Index: gcc/config/rs6000/predicates.md
===================================================================
--- gcc/config/rs6000/predicates.md	(.../svn+ssh://meissner@gcc.gnu.org/svn/gcc/trunk/gcc/config/rs6000)	(revision 235831)
+++ gcc/config/rs6000/predicates.md	(.../gcc/config/rs6000)	(working copy)

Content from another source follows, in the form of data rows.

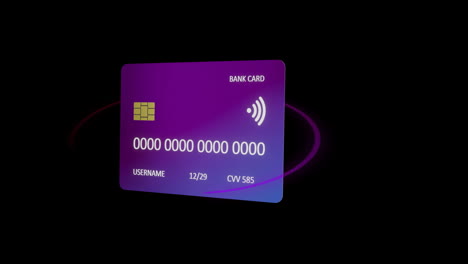 Animation-of-credit-card-with-data-over-black-background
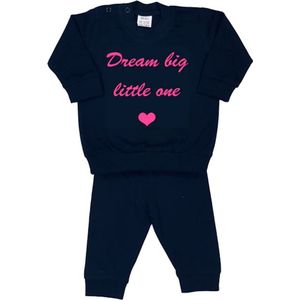 La Petite Couronne Pyjama 2-Delig ""Dream big little one"" Unisex Katoen Zwart/roze Maat 68/74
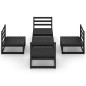 vidaXL Juego de muebles de jardín 5 pzas y cojines negro madera pino vidaXL Juego de muebles de jardín 5 pzas y cojines negro madera pino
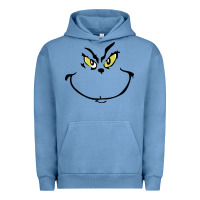 Pigment Pebble Blue Grinch Face Urban Hoodie - artisFamous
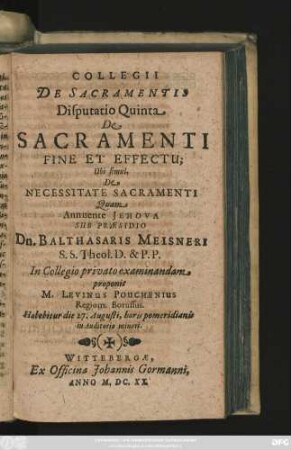 5: De Sacramenti Fine Et Effectu; Ubi simul, De Necessitate Sacramenti
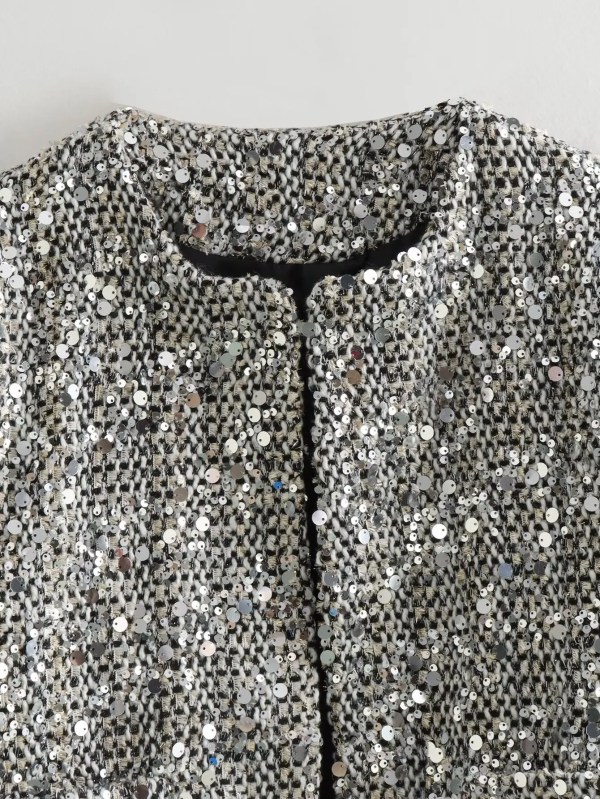 Womens Sequin Tweed Round Collar Vintage Jacket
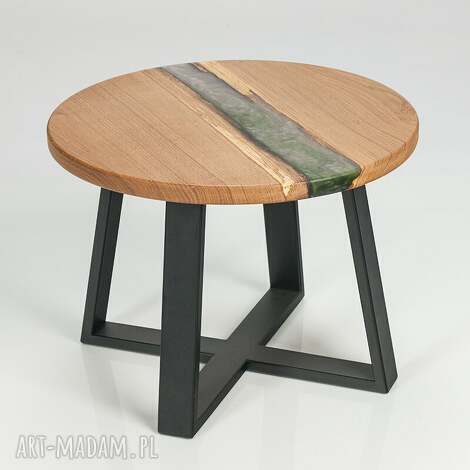 stolik kawowy, drewno naturalne połączone z żywicą dąb design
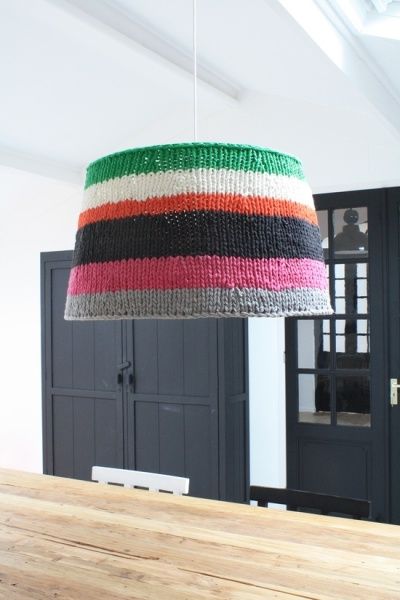 Knitted Lampshade, Sea Glass Lamp, Crochet Lampshade, Crochet Lamp, Diy Luminaire, Hk Living, Lampshade Chandelier, Diy Lamp, Crochet Home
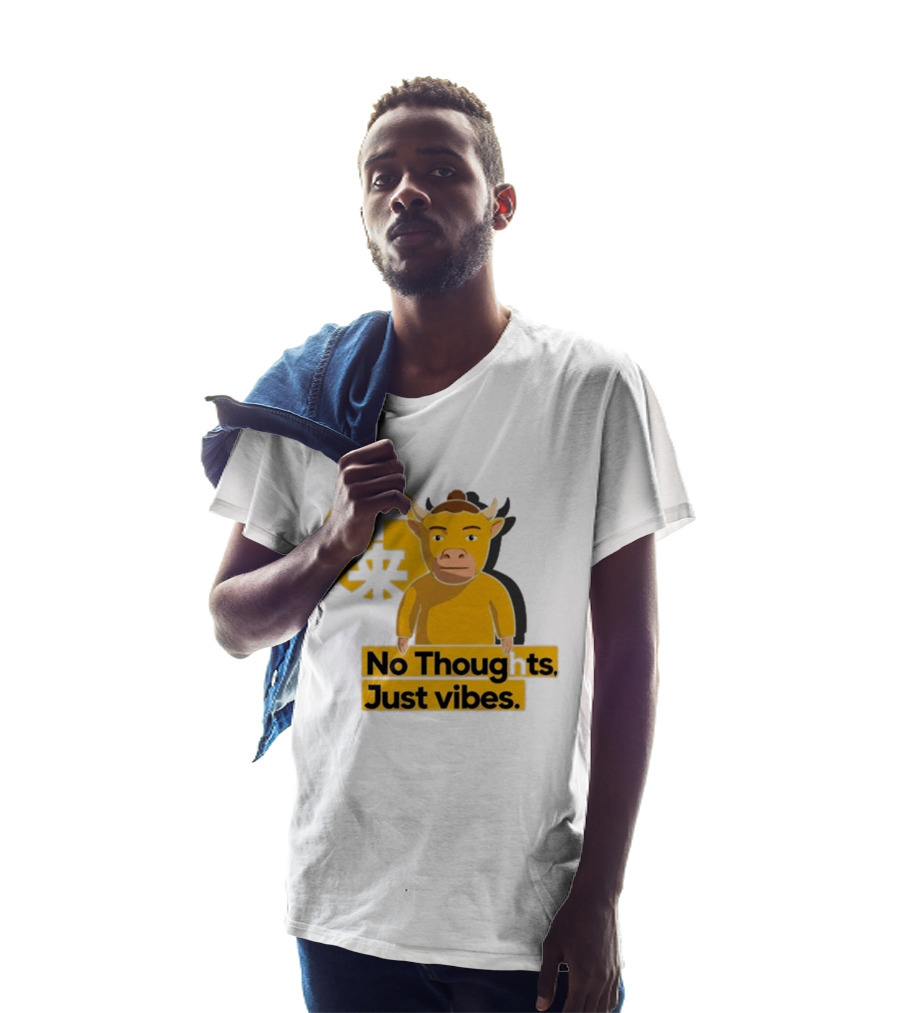 Niu Lai Ox No Thoughts Just Vibes Yellow T-Shirt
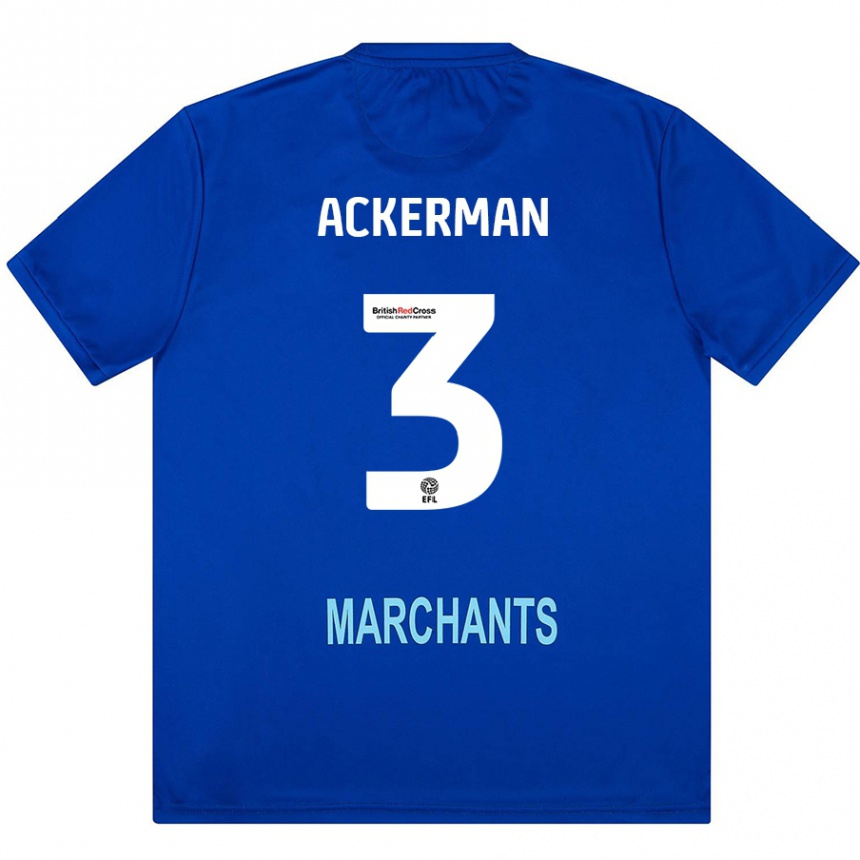 Kids Football Daisy Ackerman #3 Green Away Jersey 2024/25 T-Shirt Uk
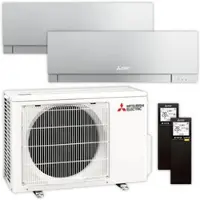 Mitsubishi Multisplit Klimaanlage Set | MSZ-EF | 2,5 kW + 2,5 kW | Silver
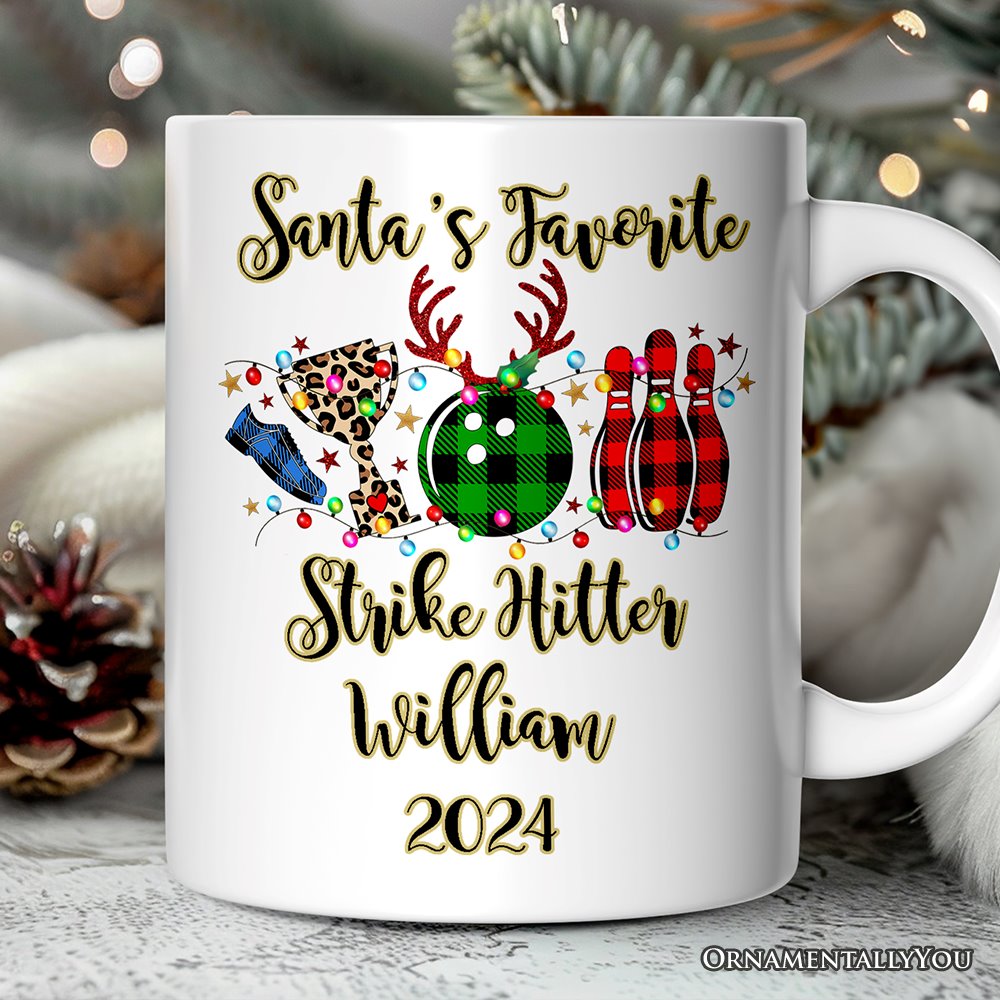 Personalized Mug Bowling Buffalo Plaid Christmas, Ball Pins and Trophy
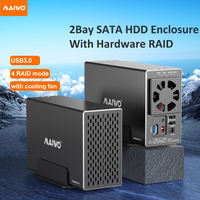 RAID HDD Enclosure 2Bay 3.5inch HDD Case USB3.0 5Gbps Dengan Hardware RAID 0/1/Large/JBOD Aluminium Mendukung SATA HDD hingga 20TB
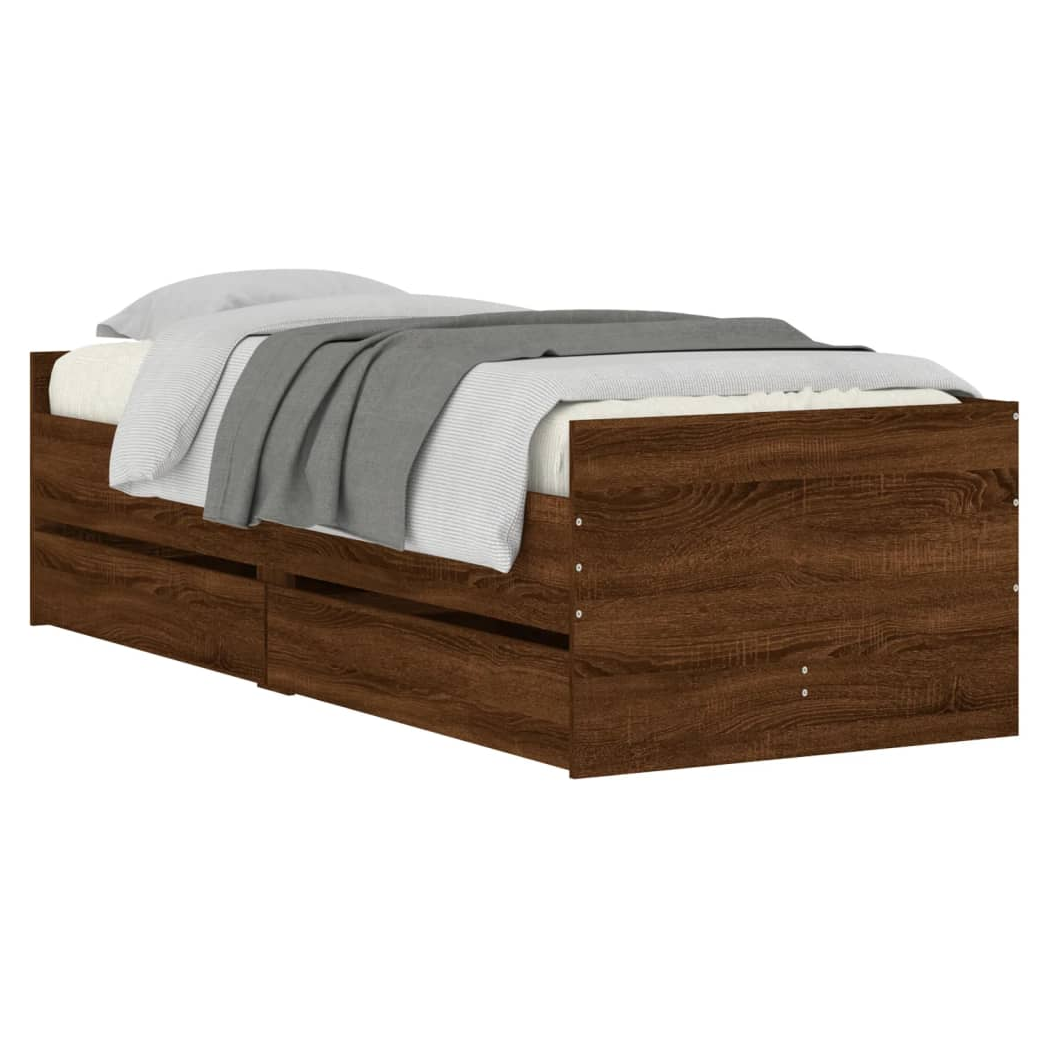 Bed Frame with Drawers Brown Oak 75x190 cm Small Single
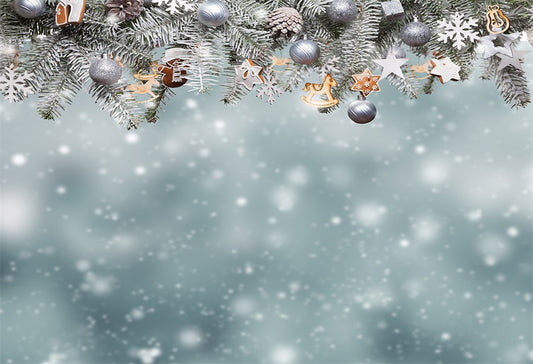 Sliver Christmas Bell Snowflake Photo Backdrops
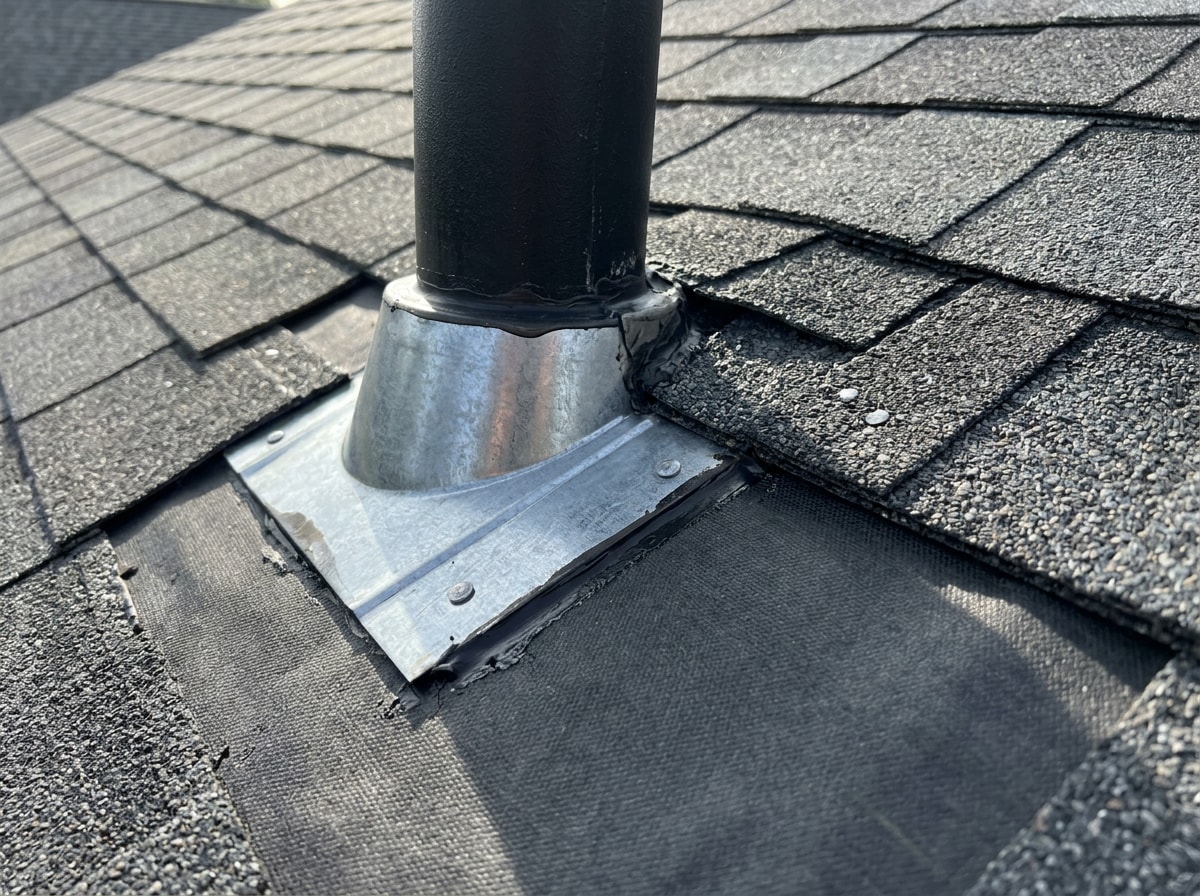 Close-up of properly installed roof flashing and underlayment on a residential reroof project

@@ -698,48 +698,25 @@  (define_predicate "offsettable_mem_opera
 (define_predicate "quad_memory_operand"
   (match_code "mem")
 {
-  rtx addr, op0, op1;
-  int ret;
-
   if (!TARGET_QUAD_MEMORY && !TARGET_SYNC_TI)
-    ret = 0;
-
-  else if (!memory_operand (op, mode))
-    ret = 0;
-
-  else if (GET_MODE_SIZE (GET_MODE (op)) != 16)
-    ret = 0;
-
-  else if (MEM_ALIGN (op) < 128)
-    ret = 0;
-
-  else
-    {
-      addr = XEXP (op, 0);
-      if (int_reg_operand (addr, Pmode))
-	ret = 1;
+    return false;
 
-      else if (GET_CODE (addr) != PLUS)
-	ret = 0;
+  if (GET_MODE_SIZE (mode) != 16 || !MEM_P (op) || MEM_ALIGN (op) < 128)
+    return false;
 
-      else
-	{
-	  op0 = XEXP (addr, 0);
-	  op1 = XEXP (addr, 1);
-	  ret = (int_reg_operand (op0, Pmode)
-		 && GET_CODE (op1) == CONST_INT
-		 && IN_RANGE (INTVAL (op1), -32768, 32767)
-		 && (INTVAL (op1) & 15) == 0);
-	}
-    }
+  return quad_address_p (XEXP (op, 0), mode, true);
+})
 
-  if (TARGET_DEBUG_ADDR)
-    {
-      fprintf (stderr, "\nquad_memory_operand, ret = %s\n", ret ? "true" : "false");
-      debug_rtx (op);
-    }
+;; Return 1 if the operand is suitable for load/store to vector registers with
+;; d-form addressing (register+offset), which was added in ISA 3.0.
+;; Unlike quad_memory_operand, we do not have to check for alignment.
+(define_predicate "vsx_quad_dform_memory_operand"
+  (match_code "mem")
+{
+  if (!TARGET_P9_DFORM_VECTOR || !MEM_P (op) || GET_MODE_SIZE (mode) != 16)
+    return false;
 
-  return ret;
+  return quad_address_p (XEXP (op, 0), mode, false);
 })
 
 ;; Return 1 if the operand is an indexed or indirect memory operand.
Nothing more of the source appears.